How to represent many subsets of an enum?

Something I am working on at the minute, and I would appreciate some thoughts on the best way to model this.

I generating stubs for AWS services. Each service has a set of errors it can return. For example:

ServiceException
ResourceNotFoundException
ResourceConflictException
TooManyRequestsException
InvalidParameterValueException
PolicyLengthExceededException
PreconditionFailedException

Now each endpoint within the service might only be able to return some of these errors. It would be more accurate if each endpoints type only allows for the errors it can return, and not the full set.

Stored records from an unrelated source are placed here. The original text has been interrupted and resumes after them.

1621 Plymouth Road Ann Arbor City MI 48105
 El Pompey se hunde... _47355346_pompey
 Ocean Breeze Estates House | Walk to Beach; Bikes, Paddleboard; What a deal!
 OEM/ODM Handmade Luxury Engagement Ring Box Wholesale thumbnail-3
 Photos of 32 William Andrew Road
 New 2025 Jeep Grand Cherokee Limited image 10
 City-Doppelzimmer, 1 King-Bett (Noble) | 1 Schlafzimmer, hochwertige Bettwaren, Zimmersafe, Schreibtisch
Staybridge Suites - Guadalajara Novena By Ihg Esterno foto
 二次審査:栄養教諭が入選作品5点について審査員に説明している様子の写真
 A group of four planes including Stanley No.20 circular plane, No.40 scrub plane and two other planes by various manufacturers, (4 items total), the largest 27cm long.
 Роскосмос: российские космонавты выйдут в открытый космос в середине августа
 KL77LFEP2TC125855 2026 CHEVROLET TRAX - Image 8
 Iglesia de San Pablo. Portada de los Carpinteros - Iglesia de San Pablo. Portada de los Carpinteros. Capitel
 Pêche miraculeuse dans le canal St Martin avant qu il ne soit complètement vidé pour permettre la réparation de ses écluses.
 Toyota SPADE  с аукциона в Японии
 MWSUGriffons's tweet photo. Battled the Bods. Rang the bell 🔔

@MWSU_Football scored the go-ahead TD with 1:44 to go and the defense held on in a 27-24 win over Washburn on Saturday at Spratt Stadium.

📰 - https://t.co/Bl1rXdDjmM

Anyway, here are the options I have thought of so far:

  1. Have each endpoints return type allow the full set:
type ServiceError
    = ServiceException
    | ResourceNotFoundException
    | ResourceConflictException
    | TooManyRequestsException
    | InvalidParameterValueException
    | PolicyLengthExceededException
    | PreconditionFailedException

enpoint1 : Input1 -> Request (Result ServiceError Response1)
endpoint2 : Input2 -> Request (Result ServiceError Response2)

Problem with this is, suppose endpoint1 can only produce ResourceNotFoundException and not the other errors, its return type is overly wide.

  1. Have each endpoints return type allow just the errors it can return. This seems to need an error type per endpoint:
type Endpoint1Error
    = Endpoint1ErrorResourceNotFoundException

service1 : Input1 -> Request (Result Endpoint1Error Response1)

type Endpoint2Error
    = Endpoint2ErrorServiceException
    | Endpoint2ErrorResourceNotFoundException
    | Endpoint2ErrorResourceConflictException
    | Endpoint2ErrorTooManyRequestsException

service2 : Input2 -> Request (Result Endpoint2Error Response2)

Problem with this approach is the need to have an error type per endpoint. This removes the ablity to andThen a series of endpoint calls together without mapping the errors onto some other error type that includes all the possiblities (ServiceError and a load of error mapping functions). I also had to prefix all the constructors with EndpointX to make their names unique.

  1. Do something with phantom types. Seems overly complicated for this.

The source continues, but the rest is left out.